Google Search Central Blog, in a post dated May 28, 2020 states: “The Chrome team announced Core Web Vitals, a set of metrics related to speed, responsiveness and visual stability, to help site owners measure user experience on the web. Today, we’re building on this work and providing an early look at an upcoming Search ranking change that incorporates these page experience metrics. We will introduce a new signal that combines Core Web Vitals with our existing signals for page experience to provide a holistic picture of the quality of a user’s experience on a web page.”

Straight up, Core Web Vitals is a, well, vital metric for any healthy website and critical to its long-term success. They are divided into three elements and described by web.dev as:

  • Largest Contentful Paint measures perceived load speed and marks the point in the page load timeline when the page’s main content has likely loaded.
  • First Input Delay measures responsiveness and quantifies the experience users feel when trying to first interact with the page.
  • Cumulative Layout Shift measures visual stability and quantifies the amount of unexpected layout shift of visible page content.

“Core Web Vitals are the subset of Web Vitals that apply to all web pages, should be measured by all site owners, and will be surfaced across all Google tools.”

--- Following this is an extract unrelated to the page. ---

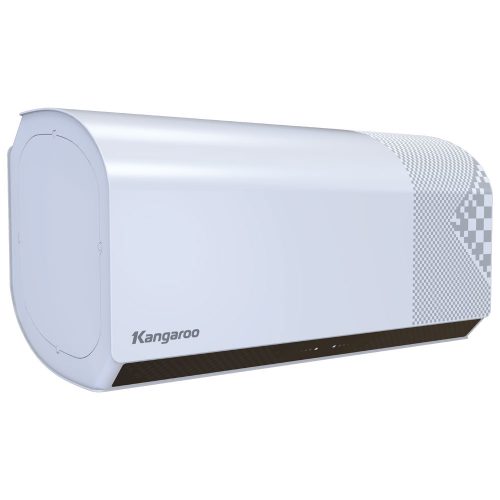 Bình nóng lạnh Kangaroo 22L ngang KG79A2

If your site has underperformed during and after the core update and lost a major chunk of its traffic and rankings, you might want to check your site’s Core Web Vitals in Search Console and confirm everything is the way it is supposed to be. Sometimes there’s no looking at it, you just know if your website is slow and unresponsive with the page content constantly shifting while loading, you can’t blame the users for not sticking around your virtual property. It will increase your bounce rate and Google is bound to take notice of this shabby user experience and reward (rather punish) your website accordingly.

Keep Your Ads vs. Content Proportion in Check

Yes, ads bring in revenue. But they can also kill it if not done right. Ads should not come at a cost of ruining the user experience. Running aggressively designed ad template can make valuable content extremely difficult to find for the users. Soon, they are going to bounce off of that website and go to the one might be running low on quality content but high of how neatly it is presented without any distracting ad implementation. Remember that the Page Layout algorithm update that was launched 10 years ago is still very much in effect and continues to evolve.

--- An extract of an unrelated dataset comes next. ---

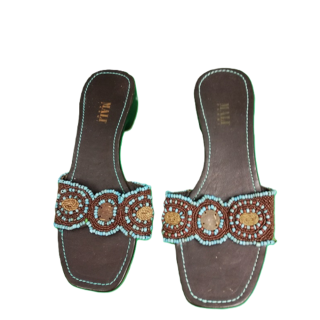 Sandalen Maliparmi Model 123011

According to Google Search Central Blog posted on January 19, 2012: “This algorithmic change does not affect sites who place ads above-the-fold to a normal degree, but affects sites that go much further to load the top of the page with ads to an excessive degree or that make it hard to find the actual original content on the page. This new algorithmic improvement tends to impact sites where there is only a small amount of visible content above-the-fold or relevant content is persistently pushed down by large blocks of ads.”

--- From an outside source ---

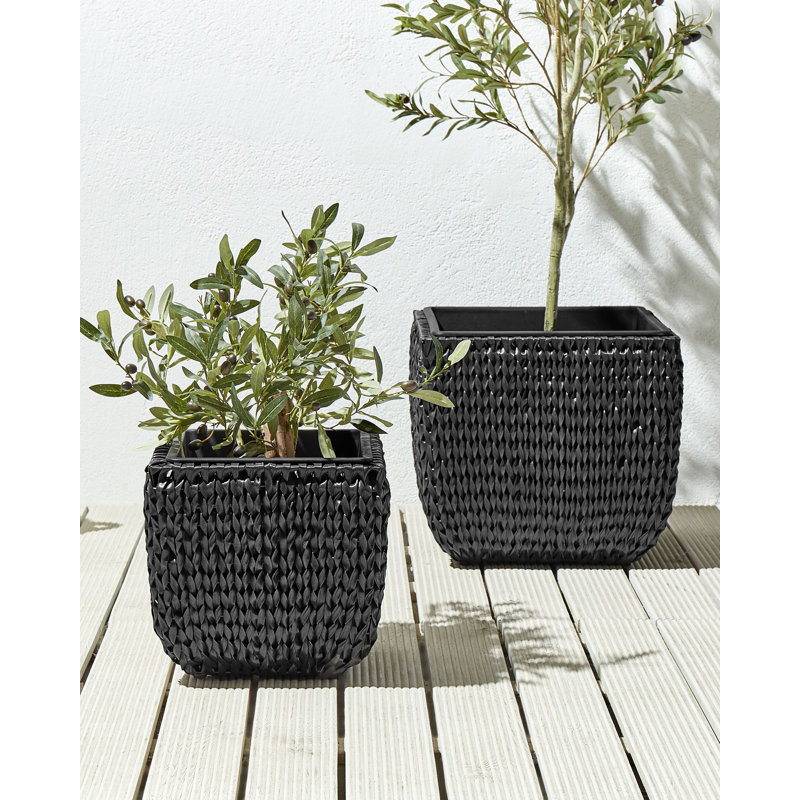 Amaru Handmade Pot Planter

So, if you’ve managed to ruin your immensely superior content and service by placing distracting and irritating ads all over your site’s pages, you’ve taken an axe to your own foot. It is one of prime reasons why your site’s rankings have dropped after the update. And it is time for you to make amends before the next update hits. Ensure that your ads vs. content proportions are placed above-the-fold, and is set straight across desktop and mobile platforms.

Audit Your Backlink Profile. Use that Disavow Tool.

It is possible that bad or low-quality links alone won’t hamper your website’s SERP standings and traffic; linking is significant factor in Google’s ranking algorithms. But it is also one of the many factors. Still it is imperative that your website shouldn’t be seen as a part of the bad virtual neighbourhood. And that is why the matter of running an extensive backlink audit becomes all the more pressing. Even though you may not have consciously gone out of your way to purchase links from link farms, a practice that is frowned upon, it is possible someone from that neighbourhood might be linking back to your website through spammy links just to bring your website down. It happens more that you think it does. An audit, therefore, will reveal all the websites liking back to you. The ones you know of and the ones you had no clue about.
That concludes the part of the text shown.